The amount of taxpayer funds that must be repaid by the Richard Allen charter schools in Dayton and Hamilton grew to $2.2 million with yet another state audit released Wednesday.
The latest audit alleges $452,281 was overpaid to the schools’ management company, the Institute of Charter School Management and Resources, and says the Ohio Ethics Commission was asked to look into the former school director and her family’s ties to IMR.
“We work to catch and correct any financial issues,” State Auditor Dave Yost said. “Unfortunately, the correcting part isn’t happening at the Richard Allen Schools. Something needs to change – quickly – before any more public dollars are misspent.”
But Dayton-based IMR and school officials argue that the auditor refused to properly interpret the contract between IMR and Richard Allen Schools. The contract was changed to allow the school to pay IMR more money when the old contract expired in December 2012, but state officials say the changes cannot be applied retroactively.
“In no way do we feel IMR has mistreated or misspent the money of the schools,” school Superintendent Michelle Thomas said.
The conflict of interest issues raised by the audit include that former school director Jeanette Harris also was CEO of IMR until she stepped down from both positions in April 2012, and that school Treasurer Felix O’Aku also is chief financial officer of IMR.
Thomas is Harris’ daughter and is now superintendent of Richard Allen Schools and CEO of IMR.
“Due to (the) close relationship between the School and the Management Company, the Auditor of State believes there is a conflict of interest and this issue has been referred to the Ohio Ethics Commission,” the audit says.
In their official response to the audit, school officials wrote that they changed the school structure so the treasurer reports directly to the school board and they are requiring IMR to keep better expense records, but they are contesting many of the findings and any assertion that there’s a conflict of interest.
The audit released Wednesday was from payments for the 2011-2012 school year.
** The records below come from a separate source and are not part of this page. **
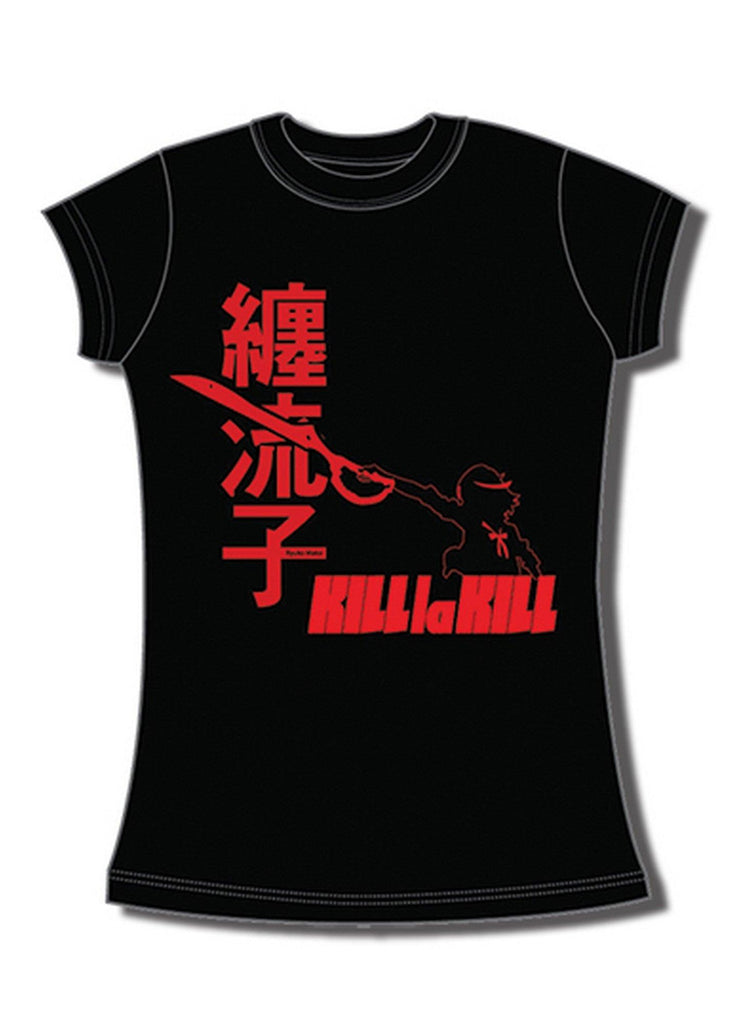 Kill La Kill - Ryuko Matoi Jrs T-Shirt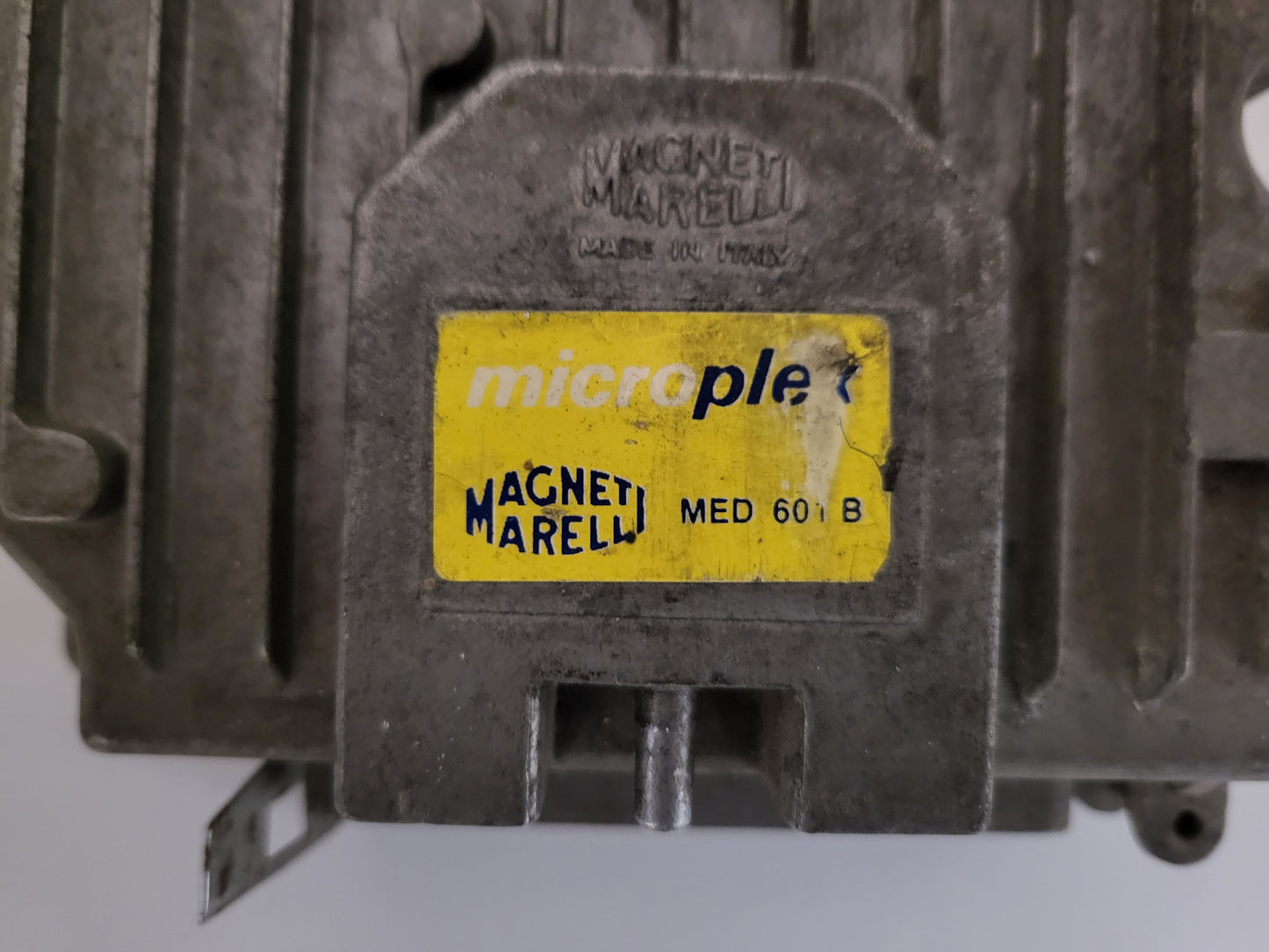 LANCIA THEMA TURBO 2.0 8V ECU / MED601B / MED601B / MICROPLEX / MAGNETI MARELL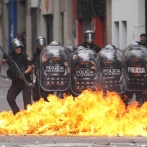 Senado argentino debate la reforma laboral de Milei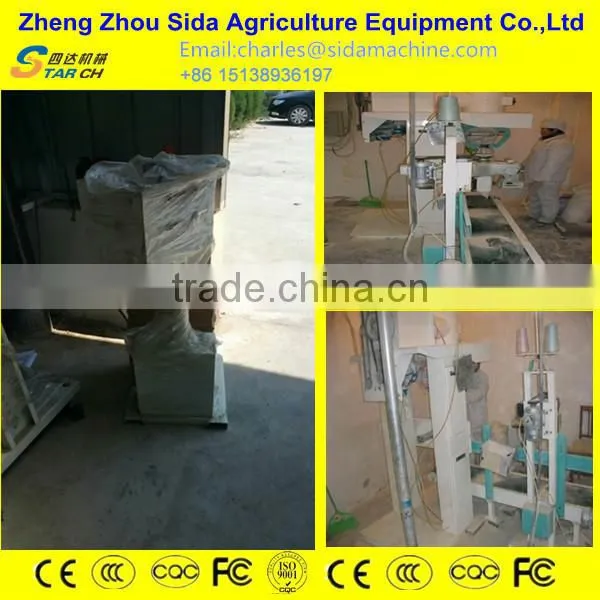 Peeling 80% cassava chips cutting machine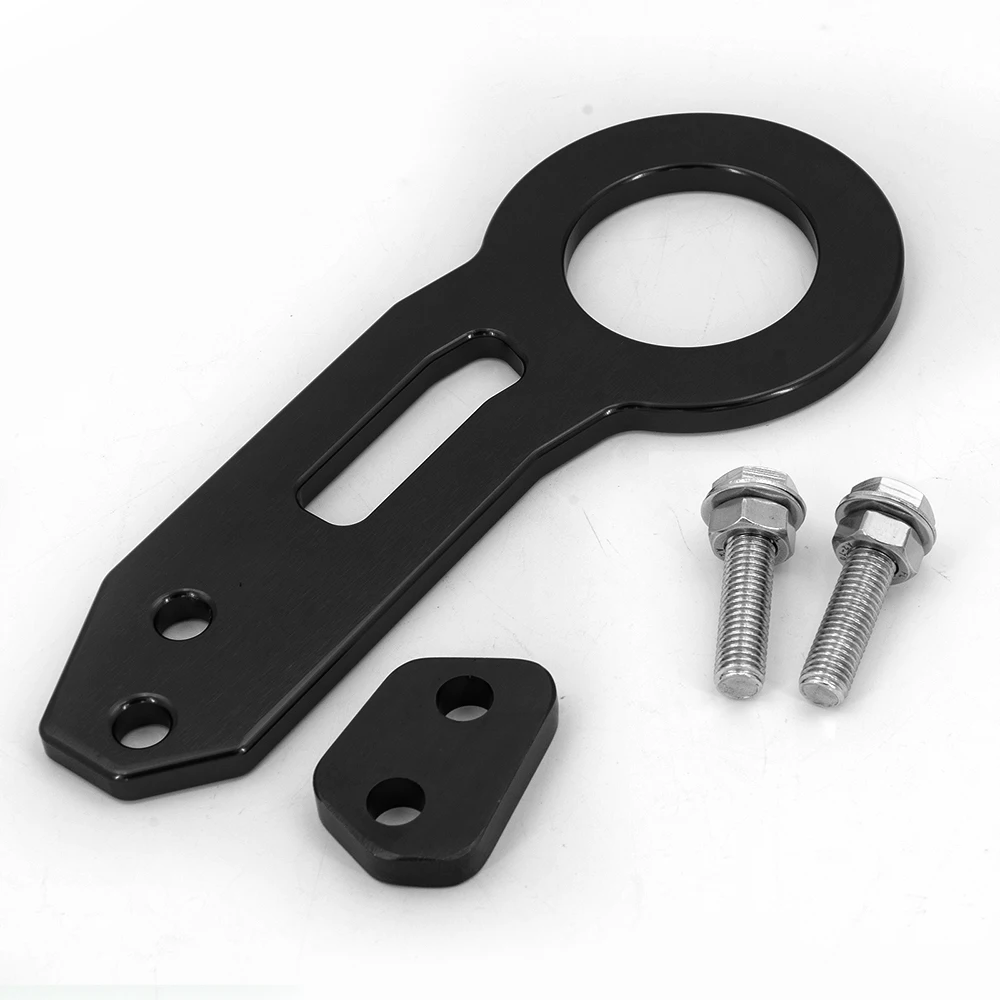 Universal Aluminum Alloy Racing Rear Tow Hook Rear Tow Hook for Honda Civic  Benen - AliExpress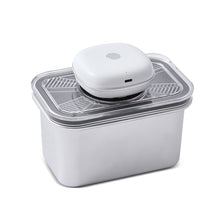 Aryıldız Vacuum & Fresh Çelik 14 Parça Saklama Kabı Seti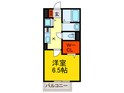 ルピナスＣ棟の間取図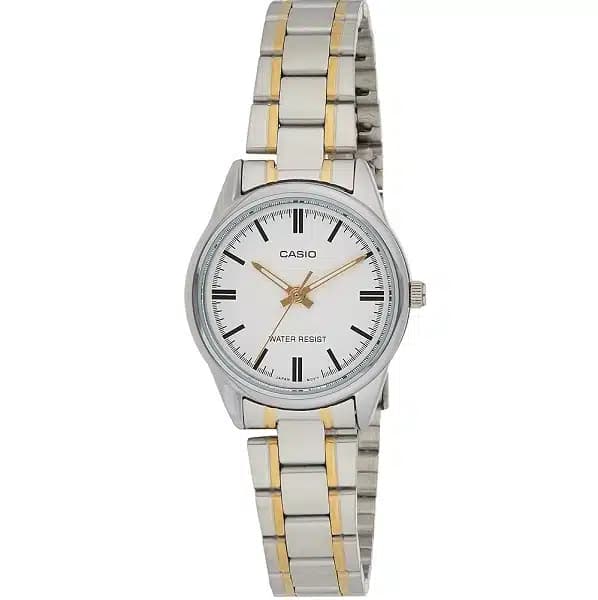 ساعت مچی زنانه کاسیو مدل CASIO LTP-V005SG-7A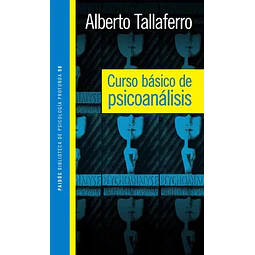 Curso básico de psicoanálisis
Another audit released in February of the 2010-2011 school year claimed nearly $860,000 was overpaid to IMR that year.
A special audit covering July 1, 2008 through June 30, 2010 included another $929,850 in findings for recovery.
The schools in Dayton are Richard Allen Academy at 700 Heck Ave., Richard Allen Academy II at 184 Salem Ave. and Richard Allen Preparatory at 627 Salem Ave. The Hamilton school is Richard Allen Academy III at 1206 Shuler Avenue.
The schools in Dayton perform better than the Dayton city school district; the Hamilton school has lower scores than the public school district. They have nearly 1,000 students combined.
“If you take a look at Richard Allen’s history, we’re doing an excellent job of educating the students,” Thomas said. “We’re working very hard to educate our students and the money is being spent for the students’ education.”
State: Charter schools owe millions
April 2011 – State auditors launched an investigation into Richard Allen Schools after discovering $89,067 in funds allegedly misspent on things including overpayments to board members and buildings owned by the schools’ management company, the Institute of Charter School Management and Resources.
June 2011 – A Dayton Daily News investigation found that of the $6.5 million in tax dollars Richard Allen Schools received in 2009, more than $1 million went toward management and consulting firms founded by Jeanette C. Harris, Richard Allen’s CEO and president. The only oversight came from entities with which she had close ties.
Feb. 2012 – The Ohio auditor’s office said “booze, missing money, missing records and self-dealing” led to $929,850 in findings for recovery in a special audit of Richard Allen Academy charter schools.
Feb. 2013 – The Ohio auditor’s office again issued findings for recovery involving Richard Allen Academy charter schools, saying their management company owes taxpayers another $860,000.
Nov. 2013 – The latest audit alleges $452,281 was overpaid to the schools’ management company and says the Ohio Ethics Commission was asked to look into the former school director and her family’s ties to IMR.